C2E2 was this past weekend, and it seemed to be an extremely successful show. There was generally a good vibe in the air, and I talked with a variety of people who were having a great show, regardless of what their criteria was. Retailers, publishers, individual artists, cosplayers, regular attendees… everyone I heard and talked to had a great time. What’s doubly impressive in that is that C2E2 is a large show—large enough that it can almost seem like several shows going on simultaneously. One woman I know spent most of the weekend attending panel discussions without walking the convention floor itself very much, while another I spoke with did the exact opposite while cosplaying. Neither of which speaks to the actors and celebrities who signing autographs and having photo ops.
One of the themes that I picked up on throughout the event, though, was one of inclusion. There were a number of panels discussing issues surrounding ethnicity, gender identity, etc. and that’s not uncommon these days. But what I heard in a number of instances outside those panels was that C2E2 was simply a better—and safer—show because of their approach to inclusion.
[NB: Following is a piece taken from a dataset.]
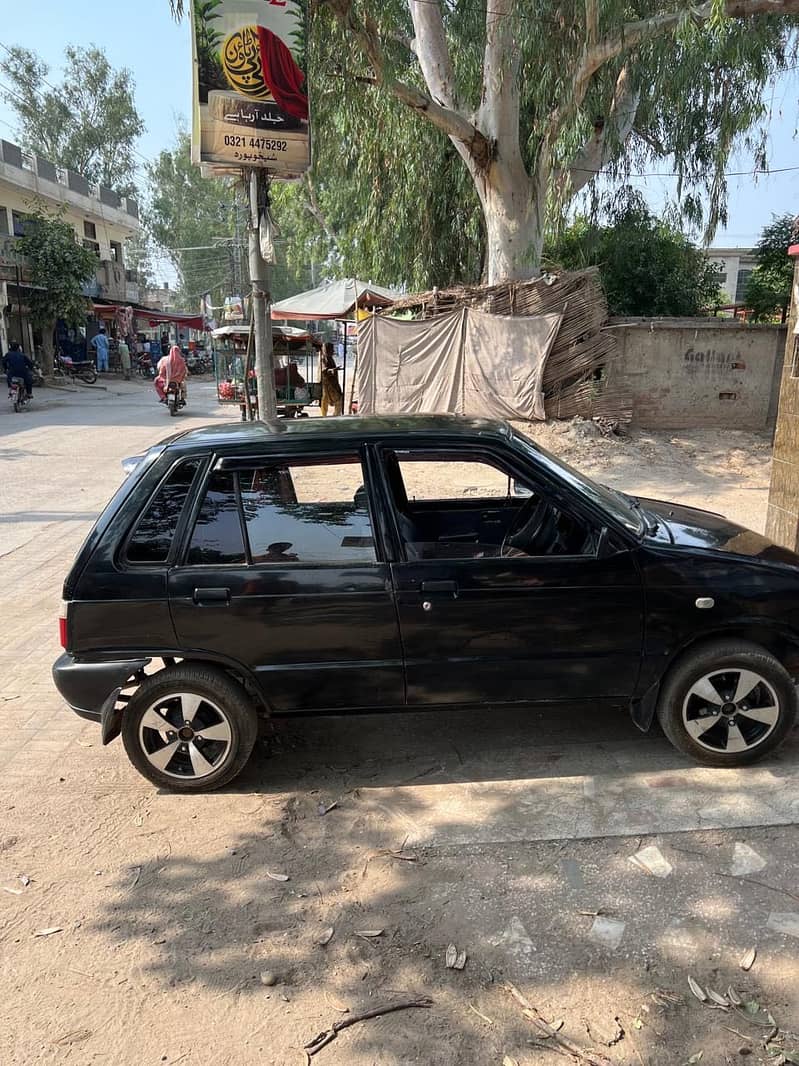 Suzuki Mehran VX 2012 0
Like many other shows, they have posted harassment policy, but they also make a point of enforcing it. One woman noted that she had witnessed a possible problem last year, Tweeted about it, and almost immediately got a response from the C2E2 staff asking for more details so they could put a stop to it. She said she immediately felt safer, knowing that they were paying attention and trying to stay on top of things.
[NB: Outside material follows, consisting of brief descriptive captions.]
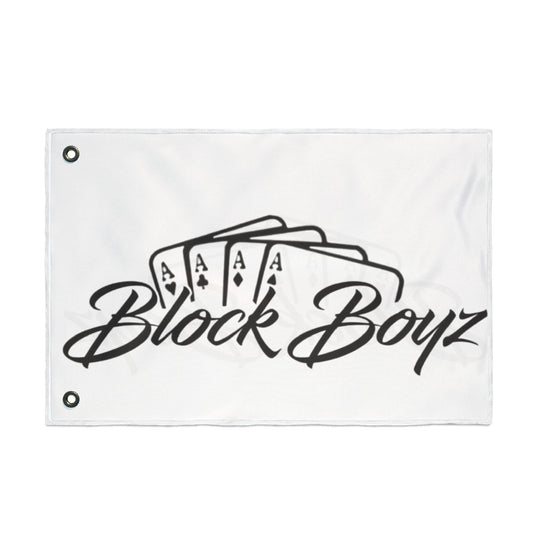 Block Boyz Flag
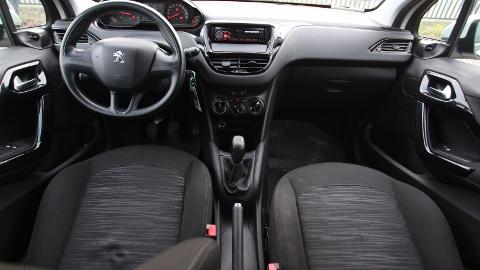 Peugeot 208 1.4 HDi Active (68KM) - 22 900  PLN, 2012 - Warszawa - wyprzedaż | Autoria.pl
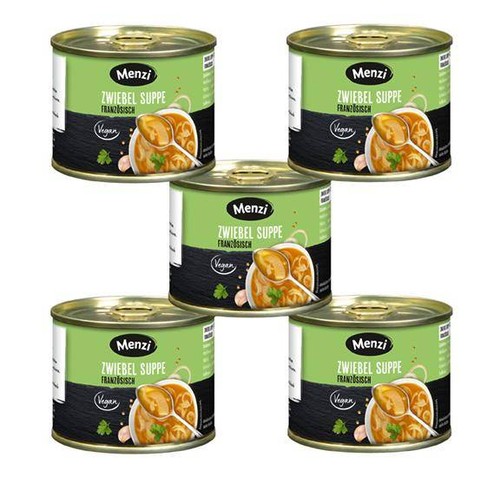 Menzi zwiebelsuppe - menzi,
Another woman pointed out that there were new signs posted throughout the show this year that alerted attendees to how they could send a text directly to security if they witnessed anything. This not only would speed up the response, as it bypasses the marketing people handling the broad spectrum of mentions on Twitter, but it also allows for anyone with a cell phone to call attention to problems, instead of limiting it to users who have social media accounts and can access them via their phone. (While smart phones are becoming increasingly ubiquitous, they are by no means universal yet!)
By contrast, these same people talked of horror stories at other shows, notably Gen Con, that they simply would never attend again because the harassment there was so pervasive there. While Gen Con does have a written no harassment policy, it’s vague enough and so poorly enforced as to be non-existent. (While I haven’t attended the show personally, Gen Con was repeatedly mentioned to me by different people in different situations and contexts as providing a very bad show experience because of harassment!)
C2E2 seems to have taken the issue of inclusion to heart. Every year, there seems to be more and better representation of and by women (I saw so many Rey costumes!) and minorities, and every year the show seems to grow. Which makes simply business sense, when you think about it. If more than half of your potential audience (women, ethnic minorities, anyone along the LGBTQ spectrum…) doesn’t feel welcome at your show, they’re not going to come. And, as a business, why would you alienate such a large number of people, in order to accommodate a very small, but offensive, handful?